Moradora da rua Clotário Portugal, a idosa de 83 anos foi agredida na manhã de sábado, dentro da sua própria casa, por um morador de rua que invadiu o local. A senhora, que mora no local com o marido acamado, de 93 anos, sofreu duas fraturas na face e está muito abalada emocionalmente. De acordo com a filha da vítima, a médica dermatologista Cristina Sartini Pereira, toda a família está extremamente abalada com a situação.

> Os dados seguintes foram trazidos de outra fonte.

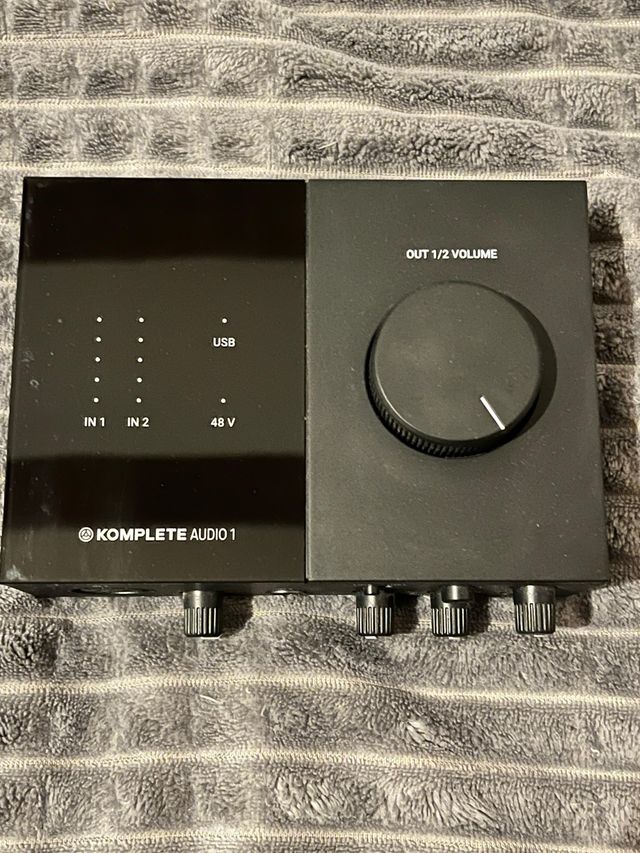 Native Instruments Komplete Audio 1 Interfaz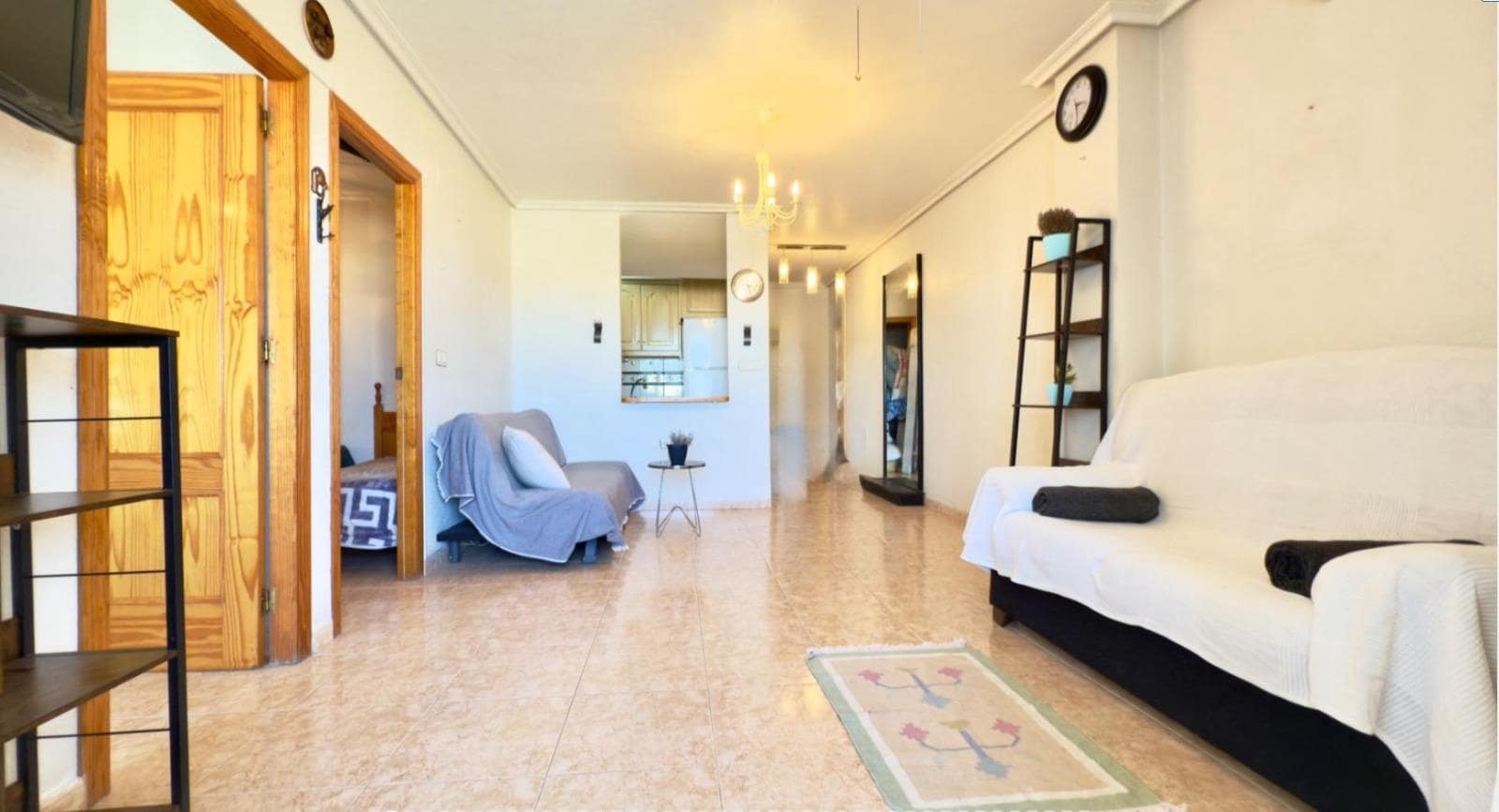 2 soverom Leilighet til salgs i Torrevieja med svømmebasseng - € 117 000 (Ref: 9462378)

“Estamos todos revoltados. A família tem se revezado para estar com eles o tempo todo em casa e estamos dando todo o suporte emocional para ela. Agora mesmo, estamos fazendo a instalação de uma grade no quintal da casa, no local onde o marginal teve acesso. Um cuidador fica na casa o tempo todo. Vamos procurar a Polícia Civil para dar continuidade às investigações e já estou organizando um abaixo-assinado para enviar à prefeitura pedindo providências em relação à segurança na região central da cidade”, informou Cristina.

Cristina conta que o problema da criminalidade é recorrente na região e piorou depois do início das obras na praça do bairro.

“A praça sempre teve a presença de moradores de rua e usuários de drogas, que se refugiavam por ali. Agora, com as obras em andamento, essas pessoas tomaram imóveis vazios da região e as calçadas das nossas casas. Este bandido que agrediu minha mãe entrou através do muro de uma dessas casas que estão vazias na região. Estamos completamente sem segurança”, pontuou.

Sobrinha da vítima, a veterinária Raquel Scaff, que tem uma clínica na mesma rua em que a violência contra a tia foi registrada, também conta que os casos de criminalidade na região são recorrentes

“Já tive vários prejuízos aqui com tentativas de arrombamento na clínica. Graças a Deus, nunca conseguiram invadir, mas os casos aqui nessa região são recorrentes. Alguma coisa precisa ser feita para que situações como esta que aconteceram com a minha tia não aconteçam mais”, disse.